Download now:http://www.amazon.co.uk/The-Seducers-Diary-ebook/dp/B007S9KOKC/ref=sr_1_1?s=digital-text&ie=UTF8&qid=1349860759&sr=1-1
![[Image: h1elV.jpg]](http://i.imgur.com/h1elV.jpg)
4. Insanely Doomed: Why Apple Will Crash Without Steve Jobs by Paul Turner
It is the most successful business of our times. With the iPod, the iPhone, and then the iPad, Steve Jobs and Apple turned the music, mobile and computing and publishing industries upside down. The coolest, most innovative business in the world became the biggest company in the world.
But at the end of 2011 Steve Jobs died.
The question that no one dared asked was a simple one? Could the company survive without the driven, intense industrial genius who created it?
In this brilliant, forensically argued essay, business writer and technology entrepreneur Paul Tuner argues that it cannot.

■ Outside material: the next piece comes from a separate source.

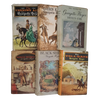 Georgette Heyer Collected Works, 1950s-68 (6 Books)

Some companies create a new system for making things – and they can endure for decades after the founder has died. But others rest on the brilliance and creativity of a single individual – and they can’t survive their passing.
Apple depended completely on Jobs.
It will go from insanely great to insanely doomed.
Paul Turner is a business writer and technology entrepreneur.